Closed hannesbecher closed 3 years ago
Hi Hannes,
Thank you for using RESPECT and for your feedback. I added the functionality to support gzipped FASTQ or FASTA files. Please try it and let me know if there was any issue.
Bests, Shahab.
Hi Shahab,
Thanks for implementing this! I just tried it and I get an error. It looks like you might be calling my installed version of gzip
, which does not take the same parameters as on your system. I'm using a server with scientific linux 7.8. Perhaps using the GZip python library would be possible as an alternative?
Error:
(RESPECT) bash-4.2$ time respect -i E001fw.fq.gz -o . --threads 20
2021-02-16 14:29:54,778 INFO:Processing E001fw.fq.gz...
gzip: invalid option -- 'k'
Try `gzip --help' for more information.
2021-02-16 14:30:26,974 INFO:compute_kmer_histogram finished in 0.3333916664123535 seconds
2021-02-16 14:30:26,974 ERROR:Error occurred when processing /disk2/hbecher_tmp/RESPECTanalyses/E001fw.fq.gz; it's skipped
Traceback (most recent call last):
File "/localdisk/home/hbecher/miniconda2/envs/RESPECT/lib/python3.8/site-packages/respect-0.0.1-py3.8.egg/respect/respect_functions.py", line 245, in run_respect
parameter_estimator.set_kmer_histogram(args.threads)
File "/localdisk/home/hbecher/miniconda2/envs/RESPECT/lib/python3.8/site-packages/respect-0.0.1-py3.8.egg/respect/paramter_estimator.py", line 212, in set_kmer_histogram
self.compute_kmer_histogram(n_threads)
File "/localdisk/home/hbecher/miniconda2/envs/RESPECT/lib/python3.8/site-packages/respect-0.0.1-py3.8.egg/respect/timer.py", line 68, in wrapper_timer
return func(*args, **kwargs)
File "/localdisk/home/hbecher/miniconda2/envs/RESPECT/lib/python3.8/site-packages/respect-0.0.1-py3.8.egg/respect/paramter_estimator.py", line 171, in compute_kmer_histogram
profiler_output = kmer_profiler(self.input_file, self.sequence_type, self.output_name, self.tmp_dir,
File "/localdisk/home/hbecher/miniconda2/envs/RESPECT/lib/python3.8/site-packages/respect-0.0.1-py3.8.egg/respect/profiling.py", line 91, in kmer_profiler
os.remove(input_file.rsplit('.gz', 1)[0])

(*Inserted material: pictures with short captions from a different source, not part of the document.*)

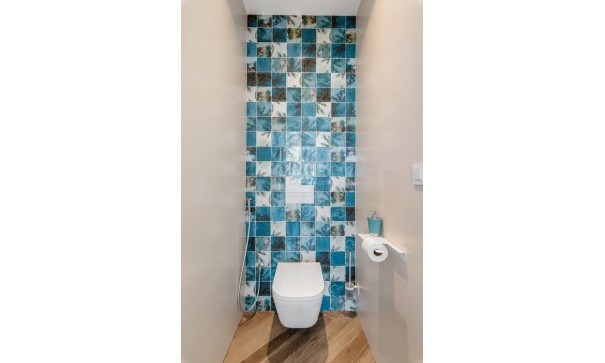 Herverkoop - Vrijstaande Villa -
Orihuela - Las Colinas Golf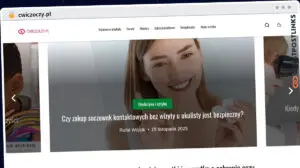 Publish Guest Post on cwiczoczy.pl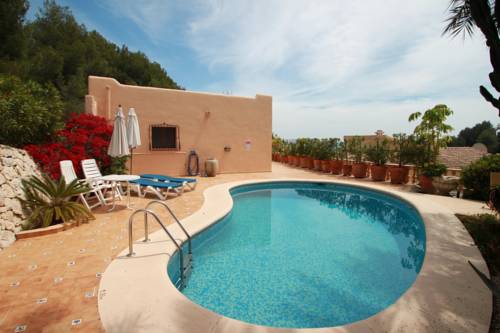 Moraira Spanien Promo-Code Booking.com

FileNotFoundError: [Errno 2] No such file or directory: '/disk2/hbecher_tmp/RESPECTanalyses/E001fw.fq'
ValueError: Number of processes must be at least 1
Thanks v much, Hannes
A quick fix for me would be in profiling.py
line 78, to set cmd
to something that does zcat [input file.gz] > [input file]
.
But I don't know if zcat
is present on all systems.
So using a python library might still be better.
Hi Hannes,
There is a new release that you can use --decomp
option to specify a python library (zlib
or gzip
) for decompression instead of using built-in gzip
. Both libraries seem to be standard python libraries but I prefer zlib implementation because it reads the input in chunks and does not load the entire file into memory, something not possible when using gzip library. Still, I can imagine that command-line gzip
should be the most efficient option. It seems that you need version 1.6 or later to use it with -k
option.
Hi Shahab,
Thanks, --decomp zlib
works for me! I was not aware of the zlib
library, good point about the memory.
This is done as far as I am concerned.
Cheers, Hannes
Hi,
thanks for making available this tool! Would it be possible to make it run on gz-compressed files? Input via a sub shell à la
respect -i <(zcat reads.fq.gz)
Does not seem to work.Many thanks,
Hannes